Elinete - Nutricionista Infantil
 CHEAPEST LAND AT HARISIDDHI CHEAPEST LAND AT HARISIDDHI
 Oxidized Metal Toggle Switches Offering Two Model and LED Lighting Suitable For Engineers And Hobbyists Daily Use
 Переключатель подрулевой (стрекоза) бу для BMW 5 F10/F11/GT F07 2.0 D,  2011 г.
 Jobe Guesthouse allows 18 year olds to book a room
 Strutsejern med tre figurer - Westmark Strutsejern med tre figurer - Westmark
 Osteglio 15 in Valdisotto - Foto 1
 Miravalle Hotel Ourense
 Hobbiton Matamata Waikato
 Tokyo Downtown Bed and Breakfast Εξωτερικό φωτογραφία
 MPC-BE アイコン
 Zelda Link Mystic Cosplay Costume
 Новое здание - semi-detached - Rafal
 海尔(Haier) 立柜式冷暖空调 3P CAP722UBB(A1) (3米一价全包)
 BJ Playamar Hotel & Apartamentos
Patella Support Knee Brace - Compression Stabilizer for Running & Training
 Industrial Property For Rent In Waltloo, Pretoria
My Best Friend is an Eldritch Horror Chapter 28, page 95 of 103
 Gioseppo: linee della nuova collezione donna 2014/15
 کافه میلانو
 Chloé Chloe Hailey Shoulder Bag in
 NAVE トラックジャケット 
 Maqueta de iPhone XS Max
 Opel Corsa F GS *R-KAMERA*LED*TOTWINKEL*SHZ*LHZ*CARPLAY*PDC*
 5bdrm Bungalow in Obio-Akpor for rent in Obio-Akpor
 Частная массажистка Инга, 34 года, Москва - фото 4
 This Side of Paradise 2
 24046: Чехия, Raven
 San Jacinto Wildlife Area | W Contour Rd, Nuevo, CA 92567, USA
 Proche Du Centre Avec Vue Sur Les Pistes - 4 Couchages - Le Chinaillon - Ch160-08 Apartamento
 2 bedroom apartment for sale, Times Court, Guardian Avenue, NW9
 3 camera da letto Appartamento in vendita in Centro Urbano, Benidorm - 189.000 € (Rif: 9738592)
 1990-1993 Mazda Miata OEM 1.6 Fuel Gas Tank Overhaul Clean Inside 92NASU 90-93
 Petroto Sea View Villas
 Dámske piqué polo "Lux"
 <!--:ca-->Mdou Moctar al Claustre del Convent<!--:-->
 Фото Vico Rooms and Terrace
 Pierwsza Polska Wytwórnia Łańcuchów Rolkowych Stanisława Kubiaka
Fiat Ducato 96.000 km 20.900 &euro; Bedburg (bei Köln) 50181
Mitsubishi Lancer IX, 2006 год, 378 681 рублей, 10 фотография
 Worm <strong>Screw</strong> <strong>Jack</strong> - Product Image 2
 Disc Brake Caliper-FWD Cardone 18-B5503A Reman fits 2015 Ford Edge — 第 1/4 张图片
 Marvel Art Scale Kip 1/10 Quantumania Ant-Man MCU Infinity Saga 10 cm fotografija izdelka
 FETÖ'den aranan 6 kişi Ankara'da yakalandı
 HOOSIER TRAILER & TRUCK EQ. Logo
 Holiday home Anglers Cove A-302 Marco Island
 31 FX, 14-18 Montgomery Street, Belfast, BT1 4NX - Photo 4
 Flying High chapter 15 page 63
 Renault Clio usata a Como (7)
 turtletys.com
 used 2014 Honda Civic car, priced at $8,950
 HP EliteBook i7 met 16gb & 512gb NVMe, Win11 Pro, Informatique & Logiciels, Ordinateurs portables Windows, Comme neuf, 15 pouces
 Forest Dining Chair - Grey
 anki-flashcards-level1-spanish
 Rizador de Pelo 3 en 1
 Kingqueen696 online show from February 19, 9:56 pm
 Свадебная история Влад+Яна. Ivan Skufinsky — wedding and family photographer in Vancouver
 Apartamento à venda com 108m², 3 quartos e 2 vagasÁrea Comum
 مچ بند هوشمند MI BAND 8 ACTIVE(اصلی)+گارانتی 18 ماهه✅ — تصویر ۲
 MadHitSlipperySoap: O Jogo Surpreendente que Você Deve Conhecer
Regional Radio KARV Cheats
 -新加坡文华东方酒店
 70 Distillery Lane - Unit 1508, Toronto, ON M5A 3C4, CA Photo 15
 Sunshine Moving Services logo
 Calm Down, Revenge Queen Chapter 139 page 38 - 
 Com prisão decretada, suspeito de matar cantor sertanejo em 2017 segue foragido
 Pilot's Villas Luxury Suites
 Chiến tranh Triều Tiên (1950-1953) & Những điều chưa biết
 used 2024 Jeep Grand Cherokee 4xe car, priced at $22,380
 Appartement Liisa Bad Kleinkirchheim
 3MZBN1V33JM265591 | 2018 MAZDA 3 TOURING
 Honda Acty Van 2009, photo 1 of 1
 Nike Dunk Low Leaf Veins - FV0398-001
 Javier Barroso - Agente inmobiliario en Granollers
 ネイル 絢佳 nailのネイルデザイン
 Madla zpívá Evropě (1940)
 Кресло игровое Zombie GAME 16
+ + +
▸ **Task directions**: In the records above, find every line containing the word "priced" and show it.

▸ **Reply to the exercise**:
 used 2014 Honda Civic car, priced at $8,950
 used 2024 Jeep Grand Cherokee 4xe car, priced at $22,380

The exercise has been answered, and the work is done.